All I need is enough money to live somewhat comfortably on. I just don't want to live paycheck to paycheck. :)
Of course I will need to do more research and decide what I can and cannot do. Thank you for your feedback, there are a lot of things to consider.

Yep, I know what a PA is, I've worked with them before.

My point was that I don't know whether they even exist in Japan or not. I suspect not.

Even if they do you would (at minimum) need to pass the licensing tests in Japanese.
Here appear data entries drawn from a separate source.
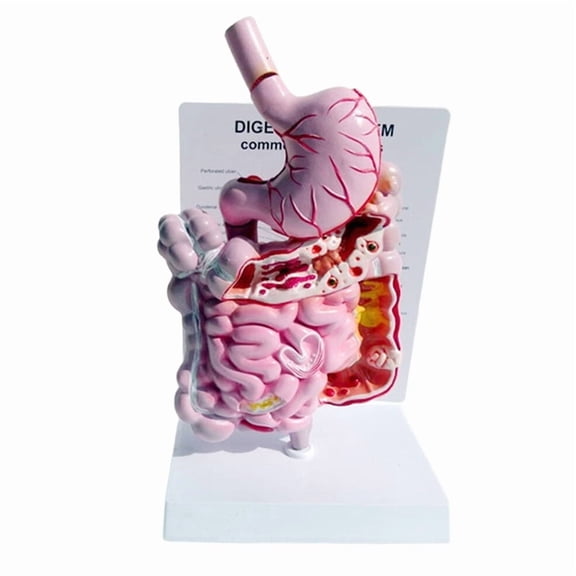 Human Digestive System Model Stomach Anatomy Intestine Cecum Rectum Duodenum Human Internal Organs Structure Model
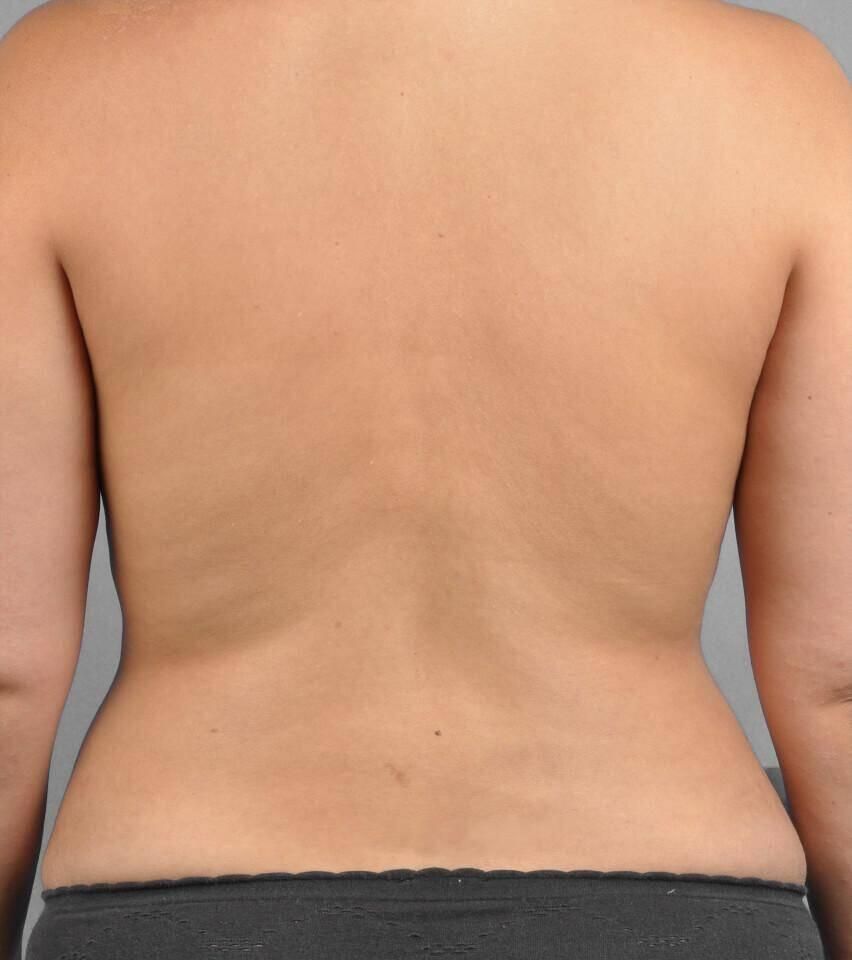 Liposuction Before & After
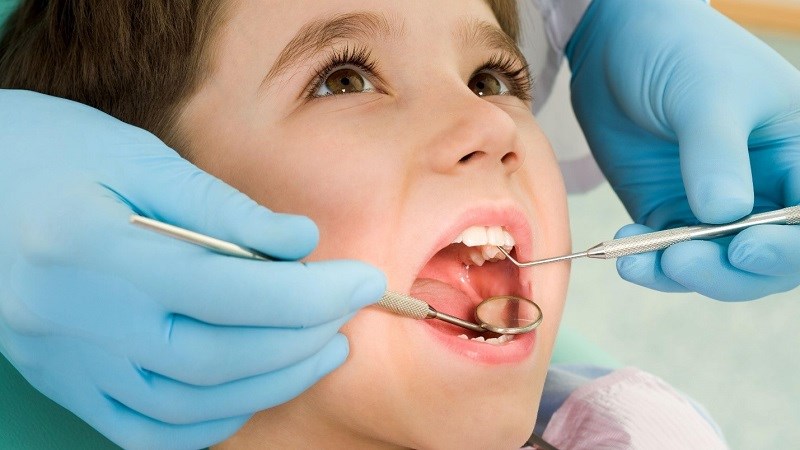 Lưu ý để răng miệng khỏe mạnh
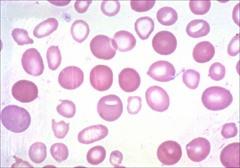 Ταξινόμηση Αναιμίας ανάλογα με την περιεκτικότητα Αιμοσφαιρίνης των Ερυθρών MCH <27 pg: 27-34 pg Υπόχρωμη Ορθόχρωμη Fe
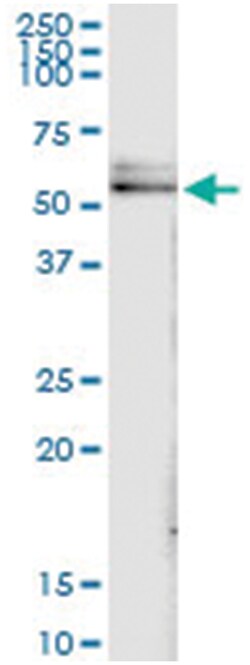anti-DLST, Human, IP-WB Antibody Pair, Abnova&trade;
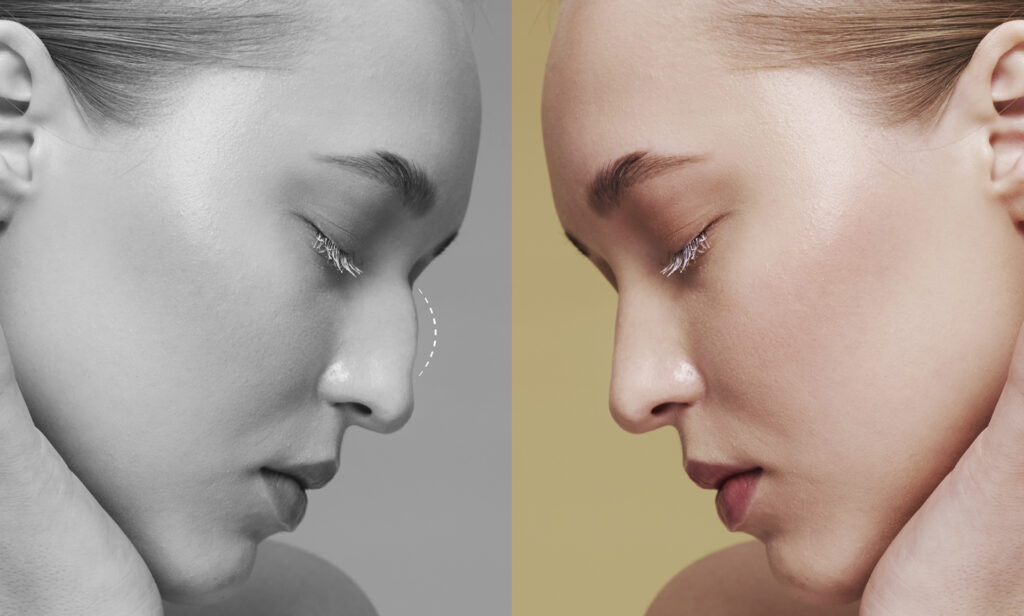 Closed Rhinoplasty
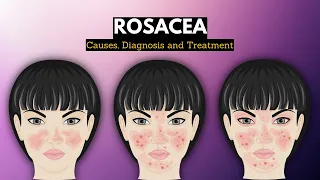 Rosacea, Causes, Signs and Symptoms, Diagnosis and Treatment.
Do you have Japanese at JLPT N1 plus a significant amount of medical terminology?

Even if you could do that it would probably be much more like acting as an LPN in the US as far as the responsibilities you might be given. I suspect that they will not hire you as a nurse unless you have a degree which specifically states nursing, regardless of whether your knowledge base is the same or you pass the tests. I know, I know, PAs are vastly over qualified to be an LPN, but Japan (appropriately, in my opinion) expects people to cross their t's and dot their i's and be able to check all of the appropriate boxes.

The average nursing salary in Japan is about 280K per month (about $2335.00). It's not poverty but hardly comparable to the $7745.00 monthly average US salary for PAs.

On US bases the job would probably be a GS-12, or possibly GS-13, equivalent. Add to that the LQA. It's a solid salary, but you might find that after a couple of years you realize that you really don't get a very authentic Japan experience and you might as well be working in a hospital in the USA. It just depends on what you want.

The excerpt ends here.